In that I am also, obviously, a writer. Perhaps it’s a thing. When you love reading and books so much, perhaps it’s natural that you want to write, bring some of that joy you felt to another person.

I NEED TO STOP GOING OFF TOPIC SO FUCKING MUCH.

Ahem.

I am a writer, as yet unpublished by anything more than a few non-paying webzines and the like (you can see my published works up there). This is fine! I’m at the start of my career. Now, one thing I don’t want this blog to be is yet-another-unpublished-writer-talking-about-writing blog. There’s only room for a few of those, and they are dull, so I promise to keep writing chatter down to a minimum (though I will tell you when I get published things and the like).

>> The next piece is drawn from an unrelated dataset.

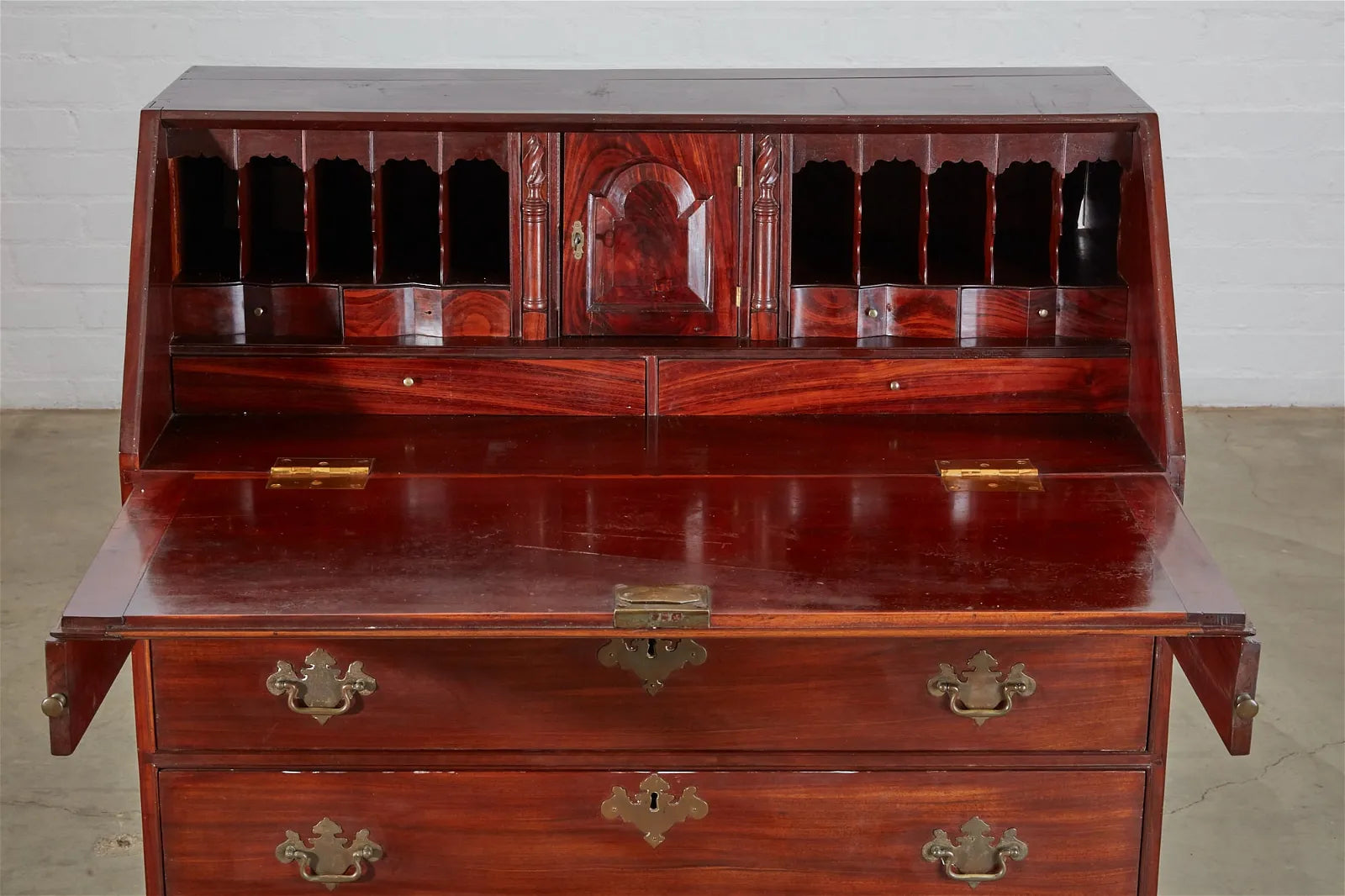 AF5-029: Antique Late 18th Century Chippendale Sabicu & Exotic Hardwood Slant Front Desk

But what I would like to do is occasionally- very occassionally – post some of my shorter works that I don’t think I can find a market for on this blog. These will be things I like that, for one reason or another, I don’t think I can get published by someone else. You will not be getting my shitty rough drafts, but it’ll be something else for you to read other than my self-indulgent writing about books.

Also, it’s a way fro you to tell me what I suck at, and for me to practice my skills, and perhaps a way for me to see where I can improve. Also, if I have a schedule (1 a week/fortnight/month) I’ll get more into writing regularly as I should.

Do you like the idea? Would you keep reading, or go away?